The Treatment of Coronary Artery Lesions Using the PRO-Kinetic Energy Cobalt-Chromium, Bare-Metal Stent

Coronary Artery Disease Clinical Trial

— BIOHELIX-II  

Official title:

The Treatment of Coronary Artery Lesions Using the PRO-Kinetic Energy Cobalt-Chromium, Bare-Metal Stent (BIOHELIX-II)

Clinical Trial Details — Status: Terminated

Administrative data

• NCT number: NCT01811927
• Other study ID #: C1210
• Status: Terminated
• Phase: N/A
• First received: March 13, 2013
• Last updated: March 23, 2015
• Start date: March 2013
• Est. completion date: October 2014

Study information

• Verified date: March 2015
• Source: Biotronik AG
• Contact: n/a
• Is FDA regulated: No
• Health authority: Switzerland: Ethikkommission beider Basel
• Study type: Interventional

Clinical Trial Summary

The purpose of this study is to the assess the clinical performance of the BIOTRONIK PRO-Kinetic Energy stent in subjects with atherosclerotic disease of native coronary arteries.

Recruitment information / eligibility

• Status: Terminated
• Enrollment: 43
• Est. completion date: October 2014
• Est. primary completion date: October 2014
• Accepts healthy volunteers: No
• Gender: Both
• Age group: 18 Years and older

Eligibility

Inclusion Criteria:

• Age > or = 18 years

• Willingness to comply with study follow-up requirements

• Candidate for a PCI procedure

• Candidate for coronary artery bypass graft surgery

• Documented evidence of stable or unstable angina pectoris or positive functional ischemia study (e.g. exercise treadmill test, thallium stress test, SPECT, stress echocardiogram or cardiac CT)

• Written informed consent

• De novo or restenotic lesion in a native coronary artery; restenotic lesions must have been previously treated with only standard PTCA (treatment must be > 12 months prior to the index procedure)

• Target lesion must be in a major coronary artery (target vessel). The target vessel includes the entire territory of the left anterior descending artery, left circumflex artery or right coronary artery and any major side branch of the artery.

• A maximum of one target lesion and one non-target lesion may be treated per subject. The lesions must be located in separate coronary arteries, with treatment of the non-target lesion occurring first using commercially available therapy (with exception of brachytherapy).

• Lesions may be one solid lesion or a series of multiple, smaller lesions to be treated as one lesion

• Target lesion must be treatable with a single investigational stent; an additional stent may be used when treating a vessel dissection or another similar intra-procedure complication (use of investigational stent preferred)

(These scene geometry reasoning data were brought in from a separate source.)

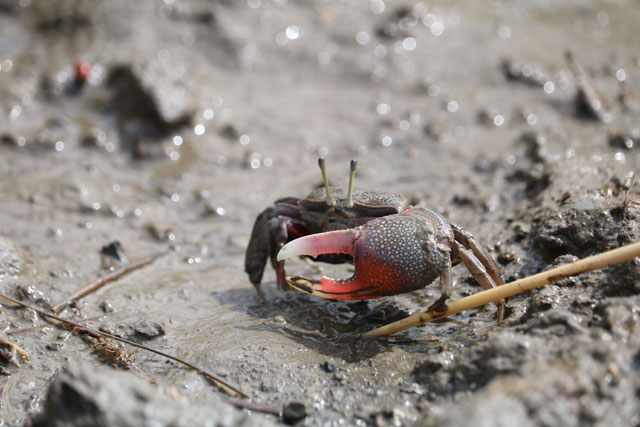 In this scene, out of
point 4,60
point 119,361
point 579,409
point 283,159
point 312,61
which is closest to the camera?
point 579,409

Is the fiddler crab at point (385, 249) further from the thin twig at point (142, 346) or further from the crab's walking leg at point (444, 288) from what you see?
the thin twig at point (142, 346)

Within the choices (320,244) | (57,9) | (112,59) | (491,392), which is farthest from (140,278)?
(57,9)

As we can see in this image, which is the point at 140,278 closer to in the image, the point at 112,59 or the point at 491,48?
the point at 112,59

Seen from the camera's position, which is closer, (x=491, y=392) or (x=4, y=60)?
(x=491, y=392)

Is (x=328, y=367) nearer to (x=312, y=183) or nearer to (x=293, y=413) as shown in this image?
(x=293, y=413)

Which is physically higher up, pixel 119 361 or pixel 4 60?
pixel 4 60

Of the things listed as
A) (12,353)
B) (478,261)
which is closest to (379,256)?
(478,261)

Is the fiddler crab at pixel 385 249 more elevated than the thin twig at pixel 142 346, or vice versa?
the fiddler crab at pixel 385 249

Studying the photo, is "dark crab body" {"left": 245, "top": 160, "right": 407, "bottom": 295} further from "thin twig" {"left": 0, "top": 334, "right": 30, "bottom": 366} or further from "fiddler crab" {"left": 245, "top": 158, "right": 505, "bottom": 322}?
"thin twig" {"left": 0, "top": 334, "right": 30, "bottom": 366}

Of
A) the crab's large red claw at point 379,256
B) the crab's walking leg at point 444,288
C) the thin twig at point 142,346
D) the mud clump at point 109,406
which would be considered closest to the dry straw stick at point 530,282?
the crab's walking leg at point 444,288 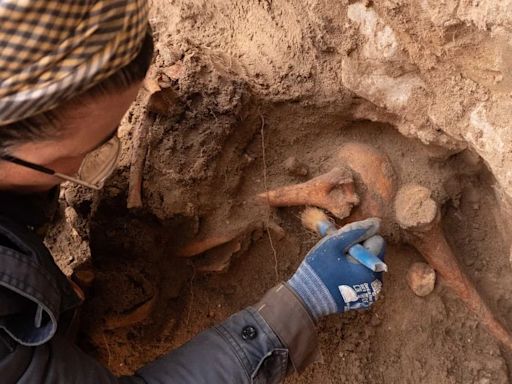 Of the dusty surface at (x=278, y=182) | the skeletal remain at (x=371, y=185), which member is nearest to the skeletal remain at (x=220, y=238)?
the dusty surface at (x=278, y=182)

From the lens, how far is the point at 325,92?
177 cm

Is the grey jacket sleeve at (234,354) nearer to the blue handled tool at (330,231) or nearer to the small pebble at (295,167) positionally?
the blue handled tool at (330,231)

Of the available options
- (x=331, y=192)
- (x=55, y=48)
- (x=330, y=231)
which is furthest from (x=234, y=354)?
(x=55, y=48)

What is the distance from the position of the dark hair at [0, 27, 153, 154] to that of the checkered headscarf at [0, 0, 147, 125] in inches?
0.7

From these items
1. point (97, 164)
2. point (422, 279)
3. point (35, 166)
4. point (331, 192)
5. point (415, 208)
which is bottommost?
point (422, 279)

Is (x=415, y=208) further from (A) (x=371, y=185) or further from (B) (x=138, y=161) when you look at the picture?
(B) (x=138, y=161)

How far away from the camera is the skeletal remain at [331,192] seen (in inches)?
68.9

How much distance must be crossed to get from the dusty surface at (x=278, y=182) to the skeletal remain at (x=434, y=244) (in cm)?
5

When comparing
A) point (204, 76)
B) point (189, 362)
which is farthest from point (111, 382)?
point (204, 76)

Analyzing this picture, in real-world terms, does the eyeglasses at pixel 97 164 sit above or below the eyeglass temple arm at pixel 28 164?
below

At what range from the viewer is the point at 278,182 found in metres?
1.87

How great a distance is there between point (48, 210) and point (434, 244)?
1115 mm

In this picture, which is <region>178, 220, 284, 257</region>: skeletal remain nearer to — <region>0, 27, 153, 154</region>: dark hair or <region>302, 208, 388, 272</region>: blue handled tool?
<region>302, 208, 388, 272</region>: blue handled tool

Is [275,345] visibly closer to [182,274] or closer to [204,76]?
[182,274] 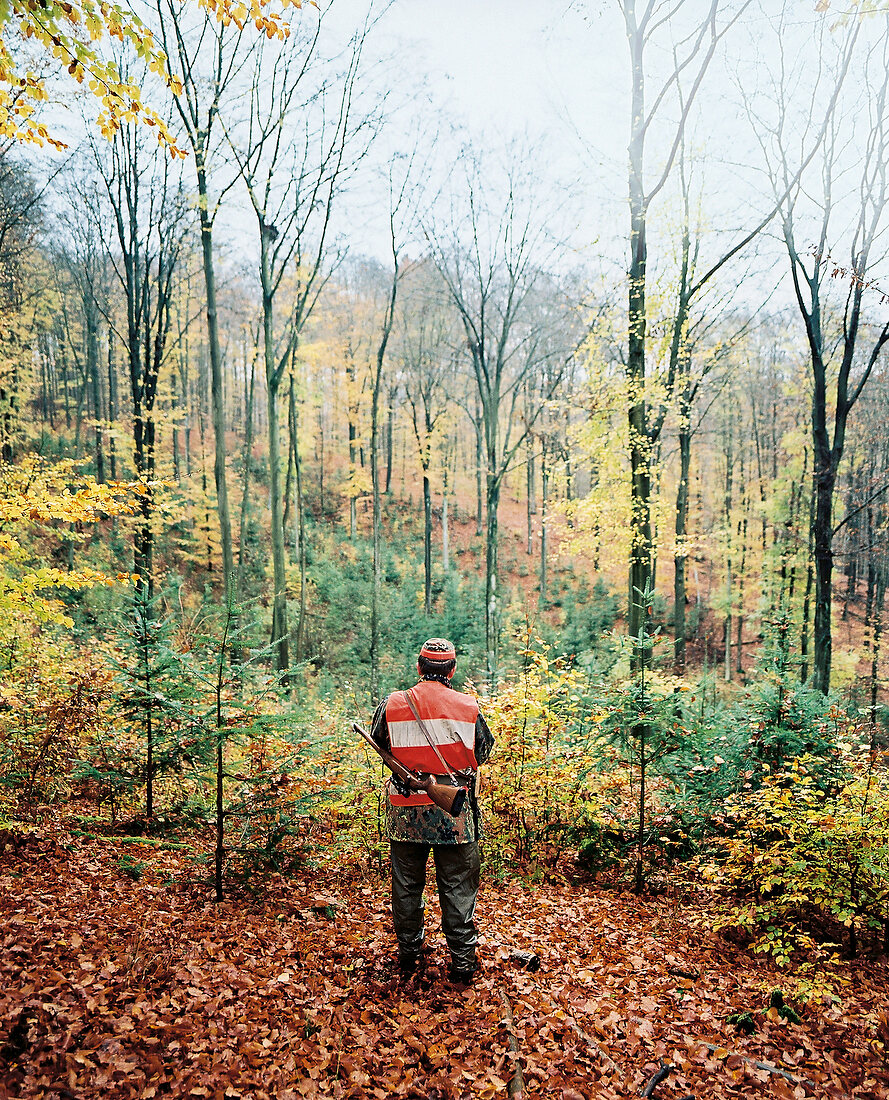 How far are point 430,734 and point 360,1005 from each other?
171 centimetres

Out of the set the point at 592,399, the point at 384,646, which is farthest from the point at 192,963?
the point at 384,646

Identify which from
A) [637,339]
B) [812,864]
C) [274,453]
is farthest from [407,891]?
[274,453]

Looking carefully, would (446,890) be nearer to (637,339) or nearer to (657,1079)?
(657,1079)

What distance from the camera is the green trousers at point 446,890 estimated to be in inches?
146

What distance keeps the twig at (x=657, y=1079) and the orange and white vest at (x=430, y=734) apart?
71.5 inches

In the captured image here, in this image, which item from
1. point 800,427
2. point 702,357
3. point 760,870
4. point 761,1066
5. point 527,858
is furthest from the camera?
point 800,427

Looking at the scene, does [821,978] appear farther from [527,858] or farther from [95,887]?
[95,887]

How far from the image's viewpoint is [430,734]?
370cm

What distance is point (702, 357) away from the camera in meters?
13.3

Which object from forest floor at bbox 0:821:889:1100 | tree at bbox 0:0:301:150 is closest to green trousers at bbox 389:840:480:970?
forest floor at bbox 0:821:889:1100

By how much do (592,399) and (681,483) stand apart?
199 inches

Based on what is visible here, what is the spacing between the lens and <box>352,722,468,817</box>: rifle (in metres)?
3.60

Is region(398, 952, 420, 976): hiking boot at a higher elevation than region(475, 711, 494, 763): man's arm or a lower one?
lower

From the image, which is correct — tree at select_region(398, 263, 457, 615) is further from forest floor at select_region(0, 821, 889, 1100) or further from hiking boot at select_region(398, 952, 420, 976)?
hiking boot at select_region(398, 952, 420, 976)
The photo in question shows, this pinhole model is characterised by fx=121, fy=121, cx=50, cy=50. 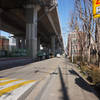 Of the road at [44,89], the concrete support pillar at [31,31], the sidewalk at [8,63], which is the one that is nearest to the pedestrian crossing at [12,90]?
the road at [44,89]

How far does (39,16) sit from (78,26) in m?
27.1

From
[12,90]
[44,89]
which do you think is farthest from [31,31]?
[12,90]

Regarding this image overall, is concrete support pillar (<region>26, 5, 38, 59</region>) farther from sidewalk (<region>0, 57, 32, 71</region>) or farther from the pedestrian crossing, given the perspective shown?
the pedestrian crossing

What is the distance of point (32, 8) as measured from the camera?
30.0 meters

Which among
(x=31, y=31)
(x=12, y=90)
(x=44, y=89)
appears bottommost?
(x=44, y=89)

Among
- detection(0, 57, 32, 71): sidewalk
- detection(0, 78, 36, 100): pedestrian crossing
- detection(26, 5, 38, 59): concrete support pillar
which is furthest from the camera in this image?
detection(26, 5, 38, 59): concrete support pillar

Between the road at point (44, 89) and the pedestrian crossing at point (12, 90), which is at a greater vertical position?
the pedestrian crossing at point (12, 90)

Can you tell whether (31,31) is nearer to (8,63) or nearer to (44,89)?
(8,63)

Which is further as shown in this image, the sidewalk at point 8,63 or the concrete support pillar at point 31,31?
the concrete support pillar at point 31,31

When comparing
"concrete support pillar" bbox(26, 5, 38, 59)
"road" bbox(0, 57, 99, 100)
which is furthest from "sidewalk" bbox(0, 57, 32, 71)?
"road" bbox(0, 57, 99, 100)

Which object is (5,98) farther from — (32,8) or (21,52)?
(32,8)

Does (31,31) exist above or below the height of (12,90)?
above

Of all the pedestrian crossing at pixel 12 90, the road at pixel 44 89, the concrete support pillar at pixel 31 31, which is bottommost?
the road at pixel 44 89

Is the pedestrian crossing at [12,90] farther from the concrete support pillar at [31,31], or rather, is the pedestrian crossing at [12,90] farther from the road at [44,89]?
the concrete support pillar at [31,31] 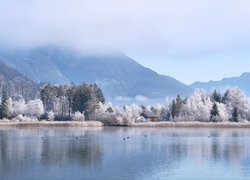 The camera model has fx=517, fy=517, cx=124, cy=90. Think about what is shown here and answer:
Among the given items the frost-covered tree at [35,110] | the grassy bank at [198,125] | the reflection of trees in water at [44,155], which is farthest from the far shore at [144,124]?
the reflection of trees in water at [44,155]

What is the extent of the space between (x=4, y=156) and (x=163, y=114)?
464ft

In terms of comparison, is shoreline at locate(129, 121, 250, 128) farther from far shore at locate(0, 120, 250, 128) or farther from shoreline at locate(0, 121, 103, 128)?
shoreline at locate(0, 121, 103, 128)

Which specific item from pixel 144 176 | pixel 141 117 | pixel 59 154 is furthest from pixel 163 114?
pixel 144 176

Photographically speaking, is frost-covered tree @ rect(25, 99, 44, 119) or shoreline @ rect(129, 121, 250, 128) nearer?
shoreline @ rect(129, 121, 250, 128)

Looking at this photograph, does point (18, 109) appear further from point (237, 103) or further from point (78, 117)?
point (237, 103)

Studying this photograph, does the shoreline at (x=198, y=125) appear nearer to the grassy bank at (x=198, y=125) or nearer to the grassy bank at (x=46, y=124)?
the grassy bank at (x=198, y=125)

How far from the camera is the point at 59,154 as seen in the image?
6469 cm

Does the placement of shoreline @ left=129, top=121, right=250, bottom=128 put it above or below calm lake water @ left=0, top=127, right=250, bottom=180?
above

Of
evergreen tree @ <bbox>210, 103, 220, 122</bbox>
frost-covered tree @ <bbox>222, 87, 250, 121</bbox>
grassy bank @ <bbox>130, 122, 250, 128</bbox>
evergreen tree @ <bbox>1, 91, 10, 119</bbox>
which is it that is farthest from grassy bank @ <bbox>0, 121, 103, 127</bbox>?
frost-covered tree @ <bbox>222, 87, 250, 121</bbox>

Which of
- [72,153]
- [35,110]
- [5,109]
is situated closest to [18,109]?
[35,110]

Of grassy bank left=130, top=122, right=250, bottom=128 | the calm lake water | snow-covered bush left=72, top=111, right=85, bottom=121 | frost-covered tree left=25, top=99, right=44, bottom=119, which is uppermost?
frost-covered tree left=25, top=99, right=44, bottom=119

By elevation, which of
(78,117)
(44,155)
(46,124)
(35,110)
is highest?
(35,110)

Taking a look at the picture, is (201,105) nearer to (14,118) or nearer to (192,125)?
(192,125)

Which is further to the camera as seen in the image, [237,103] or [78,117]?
[237,103] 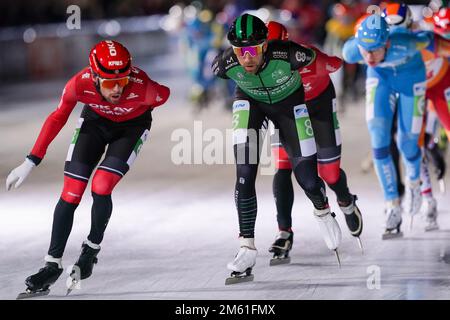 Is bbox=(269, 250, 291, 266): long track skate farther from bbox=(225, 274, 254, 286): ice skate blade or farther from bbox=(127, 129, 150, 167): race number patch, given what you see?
bbox=(127, 129, 150, 167): race number patch

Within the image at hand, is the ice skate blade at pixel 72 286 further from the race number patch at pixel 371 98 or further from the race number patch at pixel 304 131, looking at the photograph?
the race number patch at pixel 371 98

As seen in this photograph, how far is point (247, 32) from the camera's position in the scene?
6.55 m

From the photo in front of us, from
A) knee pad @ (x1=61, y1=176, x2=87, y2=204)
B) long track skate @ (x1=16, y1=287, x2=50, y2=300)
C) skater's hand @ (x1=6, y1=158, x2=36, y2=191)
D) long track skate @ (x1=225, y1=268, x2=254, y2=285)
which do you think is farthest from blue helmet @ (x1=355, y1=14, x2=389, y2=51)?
long track skate @ (x1=16, y1=287, x2=50, y2=300)

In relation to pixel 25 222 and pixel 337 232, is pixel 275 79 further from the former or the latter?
pixel 25 222

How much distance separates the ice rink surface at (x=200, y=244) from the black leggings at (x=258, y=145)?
53cm

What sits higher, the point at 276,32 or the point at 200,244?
the point at 276,32

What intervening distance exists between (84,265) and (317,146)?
6.50ft

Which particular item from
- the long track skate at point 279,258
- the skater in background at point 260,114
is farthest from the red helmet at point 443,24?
the long track skate at point 279,258

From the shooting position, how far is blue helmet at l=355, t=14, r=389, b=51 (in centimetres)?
775

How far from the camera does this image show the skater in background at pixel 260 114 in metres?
6.75

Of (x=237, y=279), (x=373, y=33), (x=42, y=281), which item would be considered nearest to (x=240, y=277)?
(x=237, y=279)

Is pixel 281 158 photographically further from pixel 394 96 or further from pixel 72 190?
pixel 72 190

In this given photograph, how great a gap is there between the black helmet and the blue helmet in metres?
1.42

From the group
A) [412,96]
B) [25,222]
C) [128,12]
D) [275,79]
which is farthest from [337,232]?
[128,12]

• Angiographic evidence of = 50% and < 100% stenosis (by operator visual estimate) with a TIMI flow > 1

• Target lesion length of = 31 mm by operator visual estimate

• Target vessel reference diameter of 2.25 mm to 4.0 mm by operator visual estimate

Exclusion Criteria:

• Baseline LVEF of < 30%; LVEF may be measured and assessed by standard-of-care echocardiography procedures within 90 days of the index procedure or by a left ventriculogram prior to the index procedure (operator visual assessment)

• PCI in any vessel 30 days prior to the index procedure or planned for within 30 days after the index procedure

• Stroke or transient ischemic attack within the last 6 months prior to enrollment

• Intolerance to contrast agents that cannot be medically managed and/or intolerance to antiplatelet, anticoagulant or thrombolytic medications

• Refusal of blood transfusions

• Any other medical condition, that in the opinion of the investigator, poses an unacceptable risk for implant of a stent according to the study indications

• Pregnant, planning to become pregnant or nursing during the course of the study. Women of child-bearing potential must have a negative blood pregnancy (beta hCG) test. Female subjects who are surgically sterile or post-menopausal are exempt from having a pregnancy test.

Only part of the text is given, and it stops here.